▶ [Extracted information]
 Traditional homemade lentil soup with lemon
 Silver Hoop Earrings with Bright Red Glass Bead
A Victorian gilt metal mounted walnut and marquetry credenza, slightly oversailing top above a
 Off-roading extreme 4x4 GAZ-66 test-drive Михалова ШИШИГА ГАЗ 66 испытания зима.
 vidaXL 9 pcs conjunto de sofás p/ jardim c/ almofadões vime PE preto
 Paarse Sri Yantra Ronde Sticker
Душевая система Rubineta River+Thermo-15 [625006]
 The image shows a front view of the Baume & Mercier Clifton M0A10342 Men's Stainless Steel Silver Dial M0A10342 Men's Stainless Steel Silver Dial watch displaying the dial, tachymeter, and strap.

==

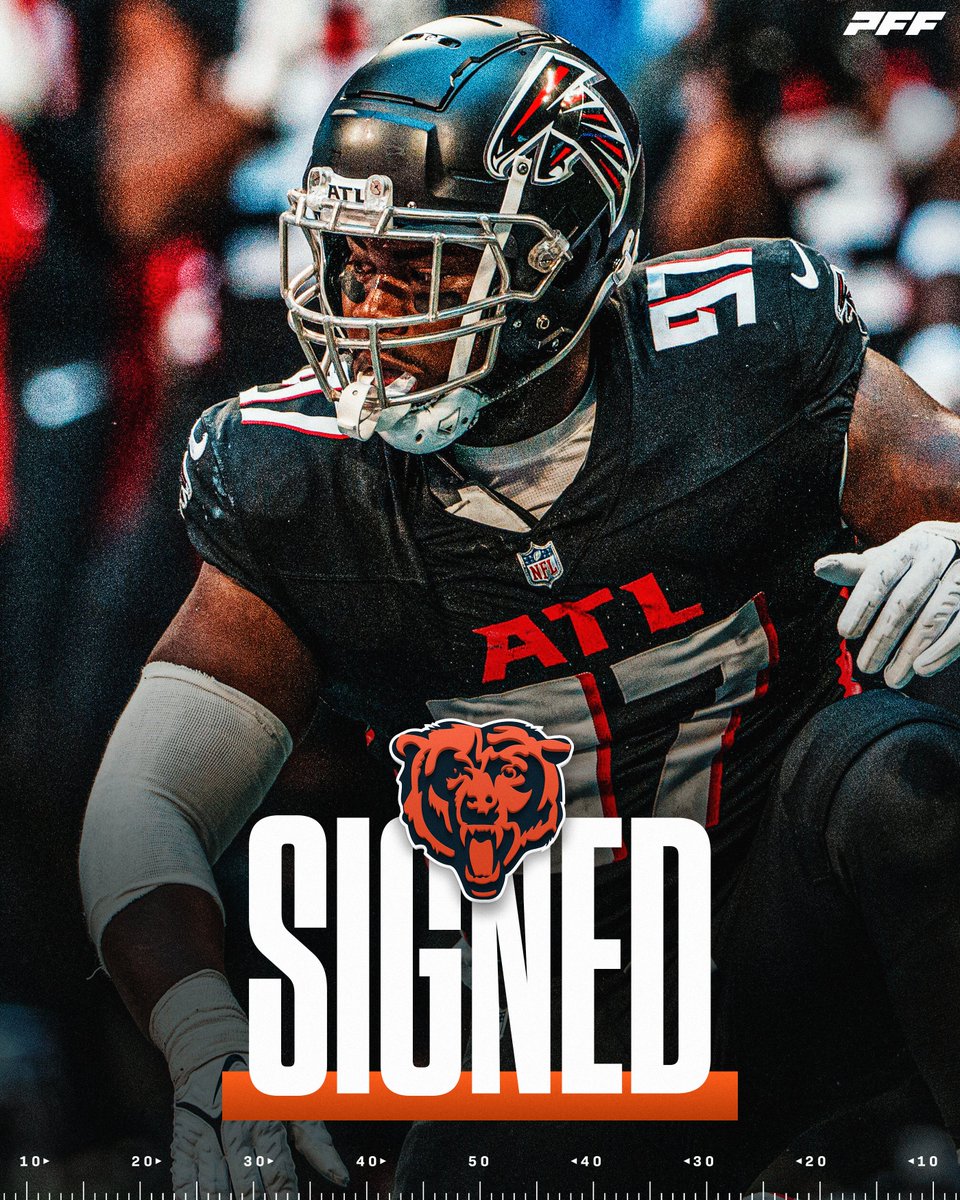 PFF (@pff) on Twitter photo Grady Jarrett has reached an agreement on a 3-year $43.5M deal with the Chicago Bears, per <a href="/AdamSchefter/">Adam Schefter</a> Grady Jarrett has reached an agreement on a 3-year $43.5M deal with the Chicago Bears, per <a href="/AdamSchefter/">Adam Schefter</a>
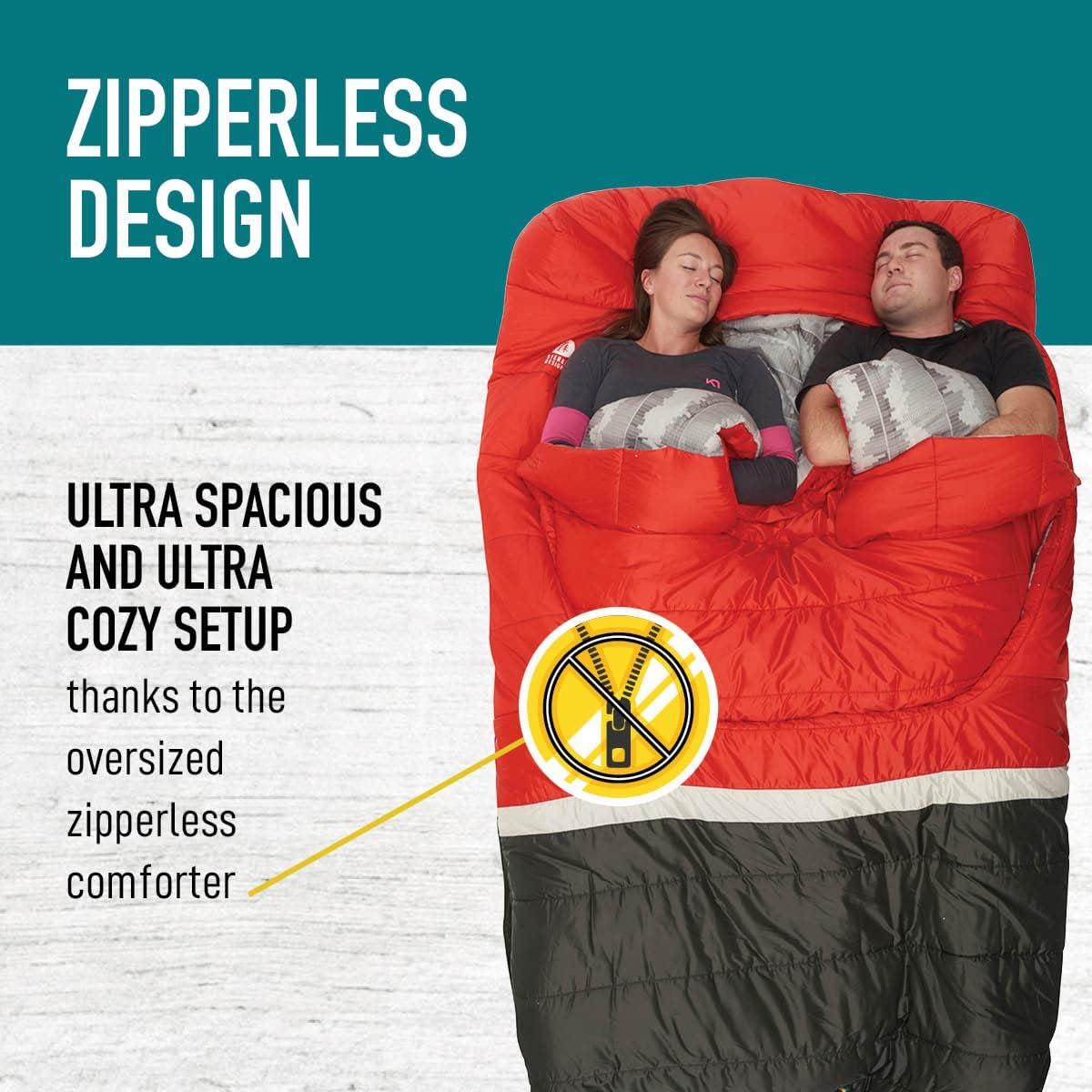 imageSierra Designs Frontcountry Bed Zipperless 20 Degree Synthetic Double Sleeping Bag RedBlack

▶ [Try it] Scan the lines above for "Silver", then copy every one that has it.

▶ [Completed exercise]
 Silver Hoop Earrings with Bright Red Glass Bead
 The image shows a front view of the Baume & Mercier Clifton M0A10342 Men's Stainless Steel Silver Dial M0A10342 Men's Stainless Steel Silver Dial watch displaying the dial, tachymeter, and strap.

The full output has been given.